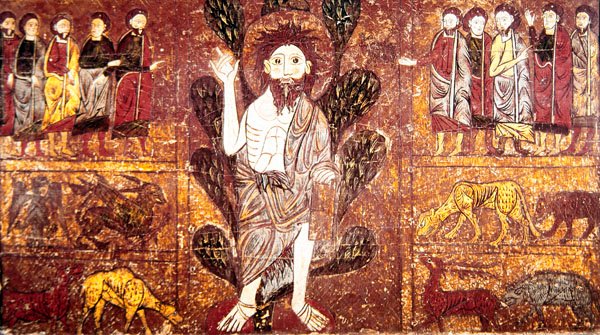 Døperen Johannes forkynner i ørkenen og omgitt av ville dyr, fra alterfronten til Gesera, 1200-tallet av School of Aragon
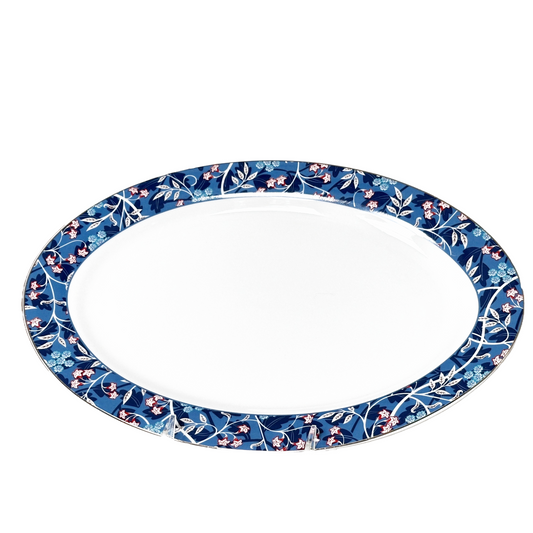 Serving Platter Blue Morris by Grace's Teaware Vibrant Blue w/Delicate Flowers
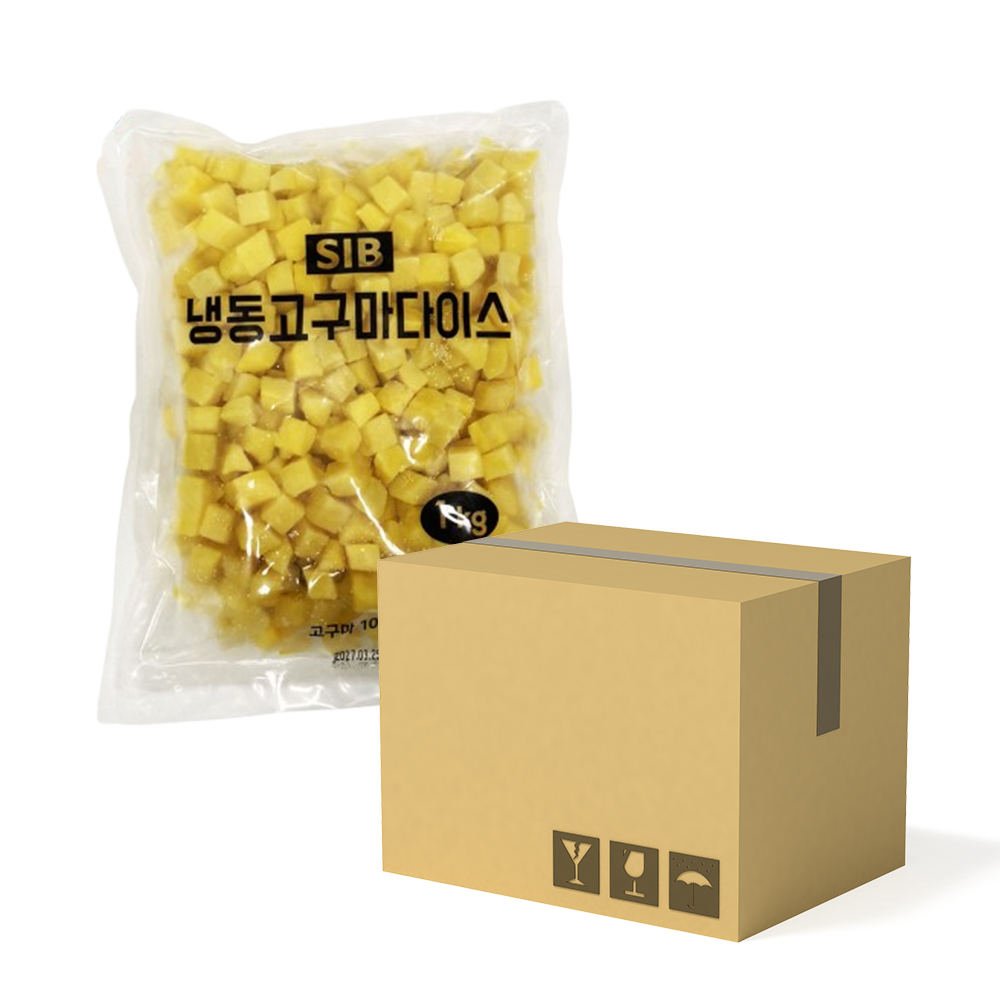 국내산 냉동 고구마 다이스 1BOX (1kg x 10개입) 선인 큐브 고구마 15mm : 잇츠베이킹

# Work request:
All of the material must be repeated exactly in the answer, apart from the pictures.

# Solution to the exercise:
 Døperen Johannes forkynner i ørkenen og omgitt av ville dyr, fra alterfronten til Gesera, 1200-tallet av School of Aragon
 Serving Platter Blue Morris by Grace's Teaware Vibrant Blue w/Delicate Flowers
 국내산 냉동 고구마 다이스 1BOX (1kg x 10개입) 선인 큐브 고구마 15mm : 잇츠베이킹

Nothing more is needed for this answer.